Comments from our Foolish Readers

Help us keep this a respectfully Foolish area! This is a place for our readers to discuss, debate, and learn more about the Foolish investing topic you read about above. Help us keep it clean and safe. If you believe a comment is abusive or otherwise violates our Fool's Rules, please report it via the Report this Comment Report this Comment icon found on every comment.

  • Report this Comment On January 29, 2009, at 3:48 PM, Rasbold wrote:

    China is sitting on cool reserves right now, but a few things keep my money stateside.

    One, China is communist and has too many state run entities and a government culture that can not be understood by Americans and they manipulate their currency too much. If China had transparent market structures and free capatalist trade, then, maybe.

    Two, China has about ten percent more land than the US, but four times the population. They have less arable land...China is one major weather disaster from a food crisis. When food is in jeopardy, all other endeavors cease. Harldy a stable platform on which to invest.

    Ok, more than two....Americans, as the world greatest consumer nation, are sick to death of seeing "Made in China, Fabrique au Chine, etc. Chinese manufacturing is synonomous with crap. And abusive child labor.

    There is way to many things wrong with China.

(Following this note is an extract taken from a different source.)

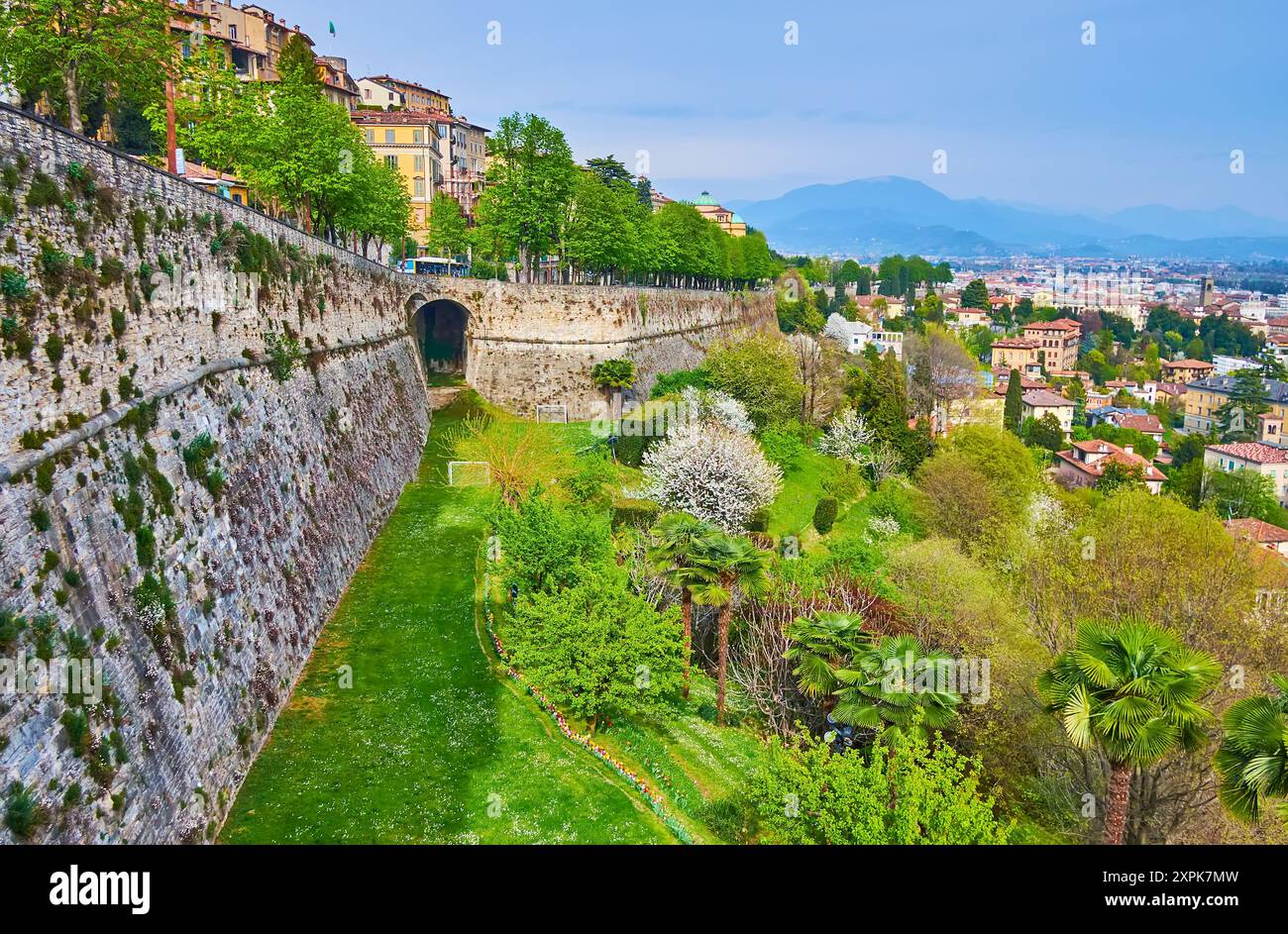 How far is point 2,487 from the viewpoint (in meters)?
11.2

    Buy American, and your Dow will never Jones!

  • Report this Comment On January 29, 2009, at 9:00 PM, rerunrpd wrote:

    China has the world in it's hands because of the greed of the over paid CEO'S who are putting the screws to the working people here in the U.S.A.by closing & shipping our manufacturing plants to them & training them how to operate them so they may have a larger salary while the people here lose their livelyhood, homes & everthing else just to make the money grubber rich.

  • Report this Comment On January 29, 2009, at 10:00 PM, baiyunma wrote:

    I am an American who does speak Chinese (I am not ethnic Chinese), and does invest in Chinese stocks via E*TRADE’s Global Trading. This is just taking advantage of a globalized economy. The large investment houses, private equity, hedge funds, and other investment classes are doing the same when they have adequate capital to do so. The smaller retail investor would be wise to follow their example.

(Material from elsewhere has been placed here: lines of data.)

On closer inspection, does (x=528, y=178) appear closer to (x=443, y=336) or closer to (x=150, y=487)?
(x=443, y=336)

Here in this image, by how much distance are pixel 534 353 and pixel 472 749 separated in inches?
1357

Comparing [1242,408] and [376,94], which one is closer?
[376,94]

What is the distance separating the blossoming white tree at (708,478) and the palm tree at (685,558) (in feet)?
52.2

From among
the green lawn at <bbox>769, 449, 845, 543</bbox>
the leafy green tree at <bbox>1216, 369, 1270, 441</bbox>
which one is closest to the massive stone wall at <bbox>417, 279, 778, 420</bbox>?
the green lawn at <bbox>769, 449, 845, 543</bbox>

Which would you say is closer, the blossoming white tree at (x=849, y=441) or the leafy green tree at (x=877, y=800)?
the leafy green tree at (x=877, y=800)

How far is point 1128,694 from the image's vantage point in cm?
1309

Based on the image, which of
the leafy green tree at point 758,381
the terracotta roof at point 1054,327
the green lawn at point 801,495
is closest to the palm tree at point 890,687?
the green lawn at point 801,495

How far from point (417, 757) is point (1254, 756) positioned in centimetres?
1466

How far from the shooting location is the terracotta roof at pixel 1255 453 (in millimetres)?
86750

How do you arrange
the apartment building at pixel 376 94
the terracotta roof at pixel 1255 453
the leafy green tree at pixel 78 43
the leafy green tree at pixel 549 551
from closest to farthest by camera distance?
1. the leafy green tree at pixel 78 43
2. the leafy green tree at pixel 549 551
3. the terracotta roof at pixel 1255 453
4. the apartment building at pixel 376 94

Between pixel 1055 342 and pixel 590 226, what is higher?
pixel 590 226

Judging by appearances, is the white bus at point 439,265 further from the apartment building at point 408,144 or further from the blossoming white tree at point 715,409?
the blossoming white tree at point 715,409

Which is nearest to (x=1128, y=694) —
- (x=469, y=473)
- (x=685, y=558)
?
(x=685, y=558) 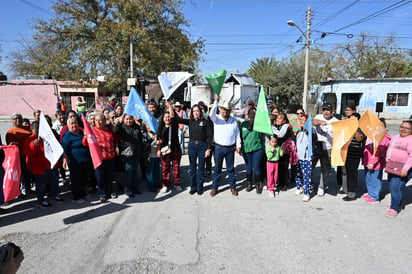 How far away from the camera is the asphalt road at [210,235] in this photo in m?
2.92

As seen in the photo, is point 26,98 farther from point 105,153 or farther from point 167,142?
point 167,142

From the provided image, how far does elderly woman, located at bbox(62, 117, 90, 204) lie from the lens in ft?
14.5

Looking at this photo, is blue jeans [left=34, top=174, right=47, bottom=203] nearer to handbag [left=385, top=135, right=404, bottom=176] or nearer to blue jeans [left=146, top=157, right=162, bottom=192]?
blue jeans [left=146, top=157, right=162, bottom=192]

    For the record, China had a average growth rate of 9% from the communist takeover in 1949 until the reforms and opening up in 1978. Thereafter it has been 10% on average. Because it is a planned economy, they have had little in the way of recessions until now, and only now because of the integration of their socialist economy with the capitalists ones. It is a normal occurrence for capitalist economies to have recessions for a variety of reasons. They are like a common cold; sure to get one once in a while, and usually are not life threatening if one takes the proper measures.

    The Chinese have been doing economics for a few thousand years, including having been through a slew of economic schools of thought. Their first major economic textbook was written about 600 BC. We are the babes and not them. They know where they want to go and have a decent plan on getting there. More than I can say for us Americans and our new crony socialism. You can follow your heart and invest where you feel the most comfortable. But you should realize where the smart money is going.